A Saudi court reduced the death sentences of five men convicted in the killing of dissident journalist Jamal Khashoggi to 20-year prison terms and handed shorter sentences to three other nationals.
The public prosecutor declared the case closed nearly two years after Mr. Khashoggi was killed at the Saudi Consulate in Istanbul, undermining Crown Prince Mohammed bin Salman’s reputation among some of Saudi Arabia’s most important international partners and imperiling his economic reform program, despite his continued support from President Trump.
The final verdicts came after the sons of Khashoggi, who was killed by Saudis in his country’s consulate in Istanbul in 2018, decided to forgive the killers of their father last May, in a move that paved the way for the official pardon.
In December 2019, a Saudi court sentenced 5 people to death and imprisoned others in the Khashoggi case. The Saudi Public Prosecutor said at the time that “the killing was the result of a rogue operation,” and that “11 people (whose names were not disclosed) are being tried in the case.”

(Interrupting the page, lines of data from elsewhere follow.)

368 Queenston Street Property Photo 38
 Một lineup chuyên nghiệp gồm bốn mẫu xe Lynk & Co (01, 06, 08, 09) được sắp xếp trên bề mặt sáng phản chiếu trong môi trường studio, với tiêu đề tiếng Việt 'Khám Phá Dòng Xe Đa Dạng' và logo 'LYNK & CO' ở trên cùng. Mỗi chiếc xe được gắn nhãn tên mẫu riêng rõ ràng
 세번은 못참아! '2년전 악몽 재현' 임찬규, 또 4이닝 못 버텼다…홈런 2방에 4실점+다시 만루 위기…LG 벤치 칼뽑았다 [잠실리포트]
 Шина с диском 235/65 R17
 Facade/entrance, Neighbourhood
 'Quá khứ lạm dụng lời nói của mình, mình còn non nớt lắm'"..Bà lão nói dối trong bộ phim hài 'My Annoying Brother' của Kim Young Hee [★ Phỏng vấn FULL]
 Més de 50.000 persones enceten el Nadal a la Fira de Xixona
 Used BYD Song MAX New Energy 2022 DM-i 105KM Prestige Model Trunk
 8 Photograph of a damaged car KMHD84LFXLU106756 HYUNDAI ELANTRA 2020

Suspicions revolved around those close to Crown Prince Mohammed bin Salman, who directly carried out the assassination that took place inside the Saudi consulate in Istanbul and shocked the world with its brutality.
However, the Al Saud authorities did not bring any charges against Saud Al-Qahtani, a former advisor to the royal court, after being interrogated “due to the lack of evidence.” Ahmed Al-Asiri, deputy head of General Intelligence, was also released due to the “lack of evidence.” The Saudi consul in Istanbul, Muhammad al-Otaibi, was acquitted.
These Saudi rulings came at the time despite the issuance of an international investigation led by the UN investigator, Anis Callamard, which concluded that the assassination was carried out with “higher orders.”
Khashoggi, 59, disappeared after entering his country’s consulate in Istanbul, Turkey, on October 2, 2018, to obtain documents for his upcoming marriage, but it was later revealed that he was killed, and his body dismembered, which Saudi Arabia initially denied.
After 18 days of his disappearance, and after a wide global condemnation campaign, Riyadh acknowledged the killing of Khashoggi in his country’s consulate in Istanbul following a “quarrel” with Saudi officials, and said that it had arrested 18 Saudis over the incident, while not clarifying the location of his body.